:: Your instructions ::
Start to finish, print the data below exactly, without the images.
*** Recorded data ***
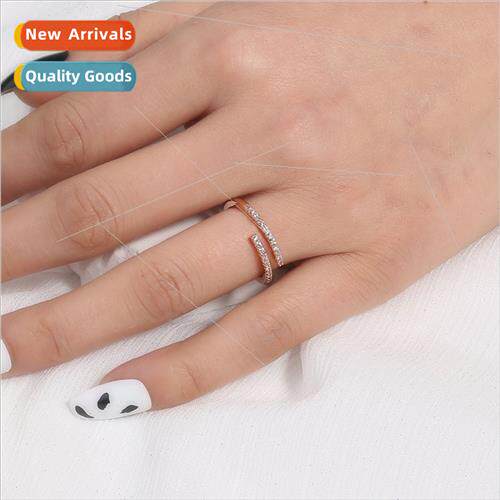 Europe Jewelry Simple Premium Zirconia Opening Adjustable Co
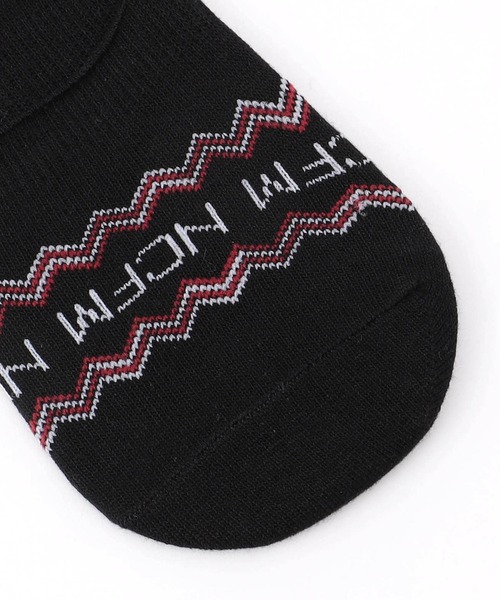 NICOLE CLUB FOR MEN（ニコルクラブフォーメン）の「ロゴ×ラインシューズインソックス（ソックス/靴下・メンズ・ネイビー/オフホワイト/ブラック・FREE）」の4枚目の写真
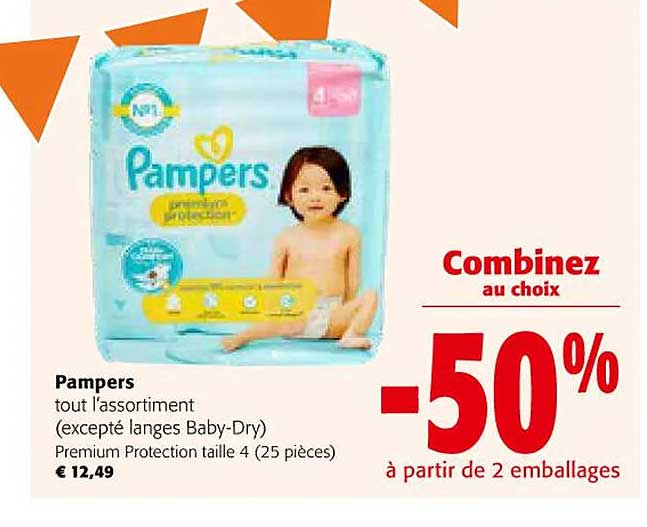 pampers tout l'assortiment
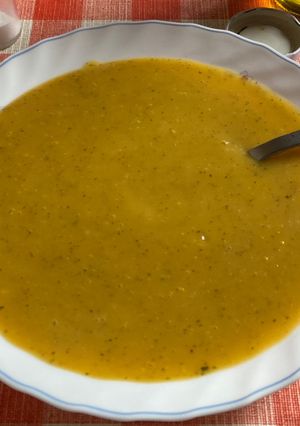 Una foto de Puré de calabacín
*** End of Recorded data ***
:: Finished exercise ::
 Europe Jewelry Simple Premium Zirconia Opening Adjustable Co
 NICOLE CLUB FOR MEN（ニコルクラブフォーメン）の「ロゴ×ラインシューズインソックス（ソックス/靴下・メンズ・ネイビー/オフホワイト/ブラック・FREE）」の4枚目の写真
 pampers tout l'assortiment
 Una foto de Puré de calabacín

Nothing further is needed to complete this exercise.